§ **SOURCE MATERIAL**

"""

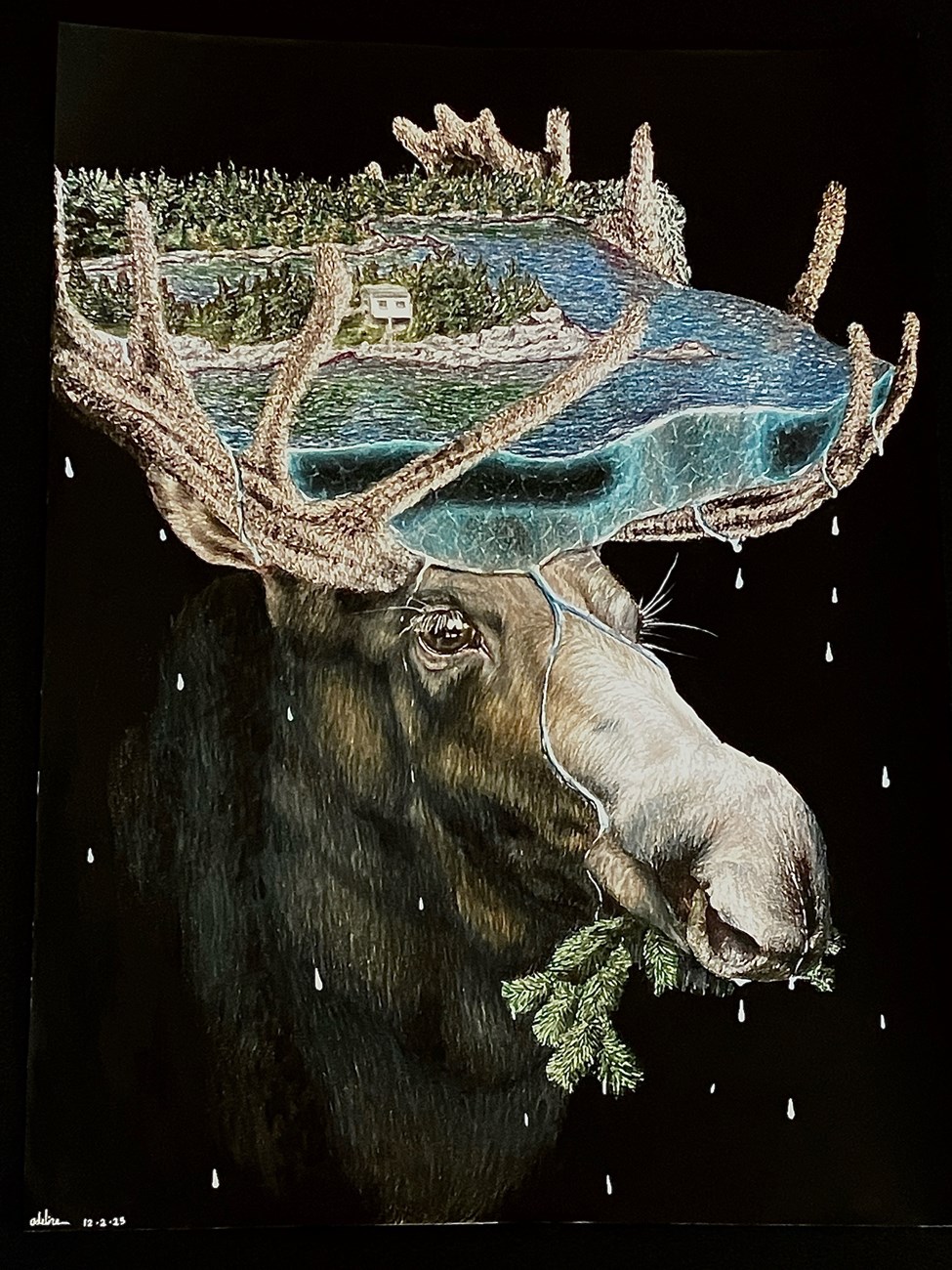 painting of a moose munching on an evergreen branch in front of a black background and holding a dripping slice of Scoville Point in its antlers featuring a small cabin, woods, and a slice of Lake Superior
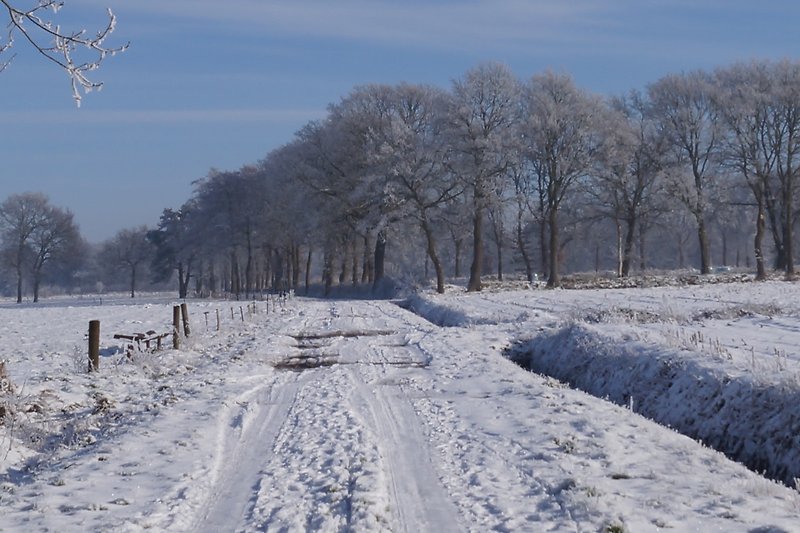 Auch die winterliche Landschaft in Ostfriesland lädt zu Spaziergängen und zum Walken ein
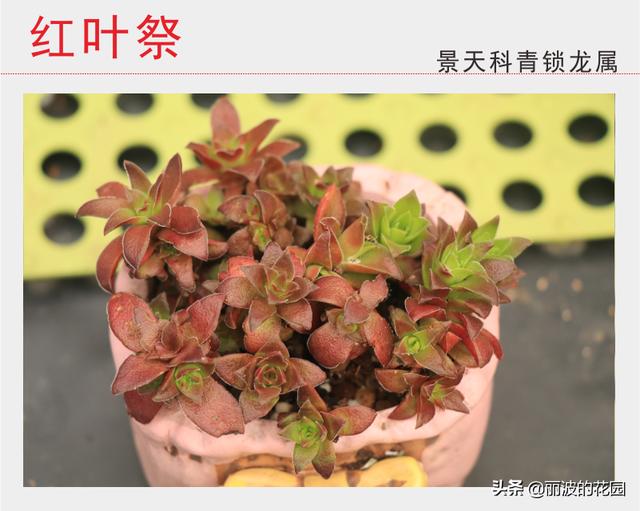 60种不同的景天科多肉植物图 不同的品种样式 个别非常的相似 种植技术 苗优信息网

"""

§ **THE TASK**
Could you copy the listing exactly, leaving out any pictures?

§ **ANSWER TO THE EXERCISE**
 painting of a moose munching on an evergreen branch in front of a black background and holding a dripping slice of Scoville Point in its antlers featuring a small cabin, woods, and a slice of Lake Superior
 Auch die winterliche Landschaft in Ostfriesland lädt zu Spaziergängen und zum Walken ein
 60种不同的景天科多肉植物图 不同的品种样式 个别非常的相似 种植技术 苗优信息网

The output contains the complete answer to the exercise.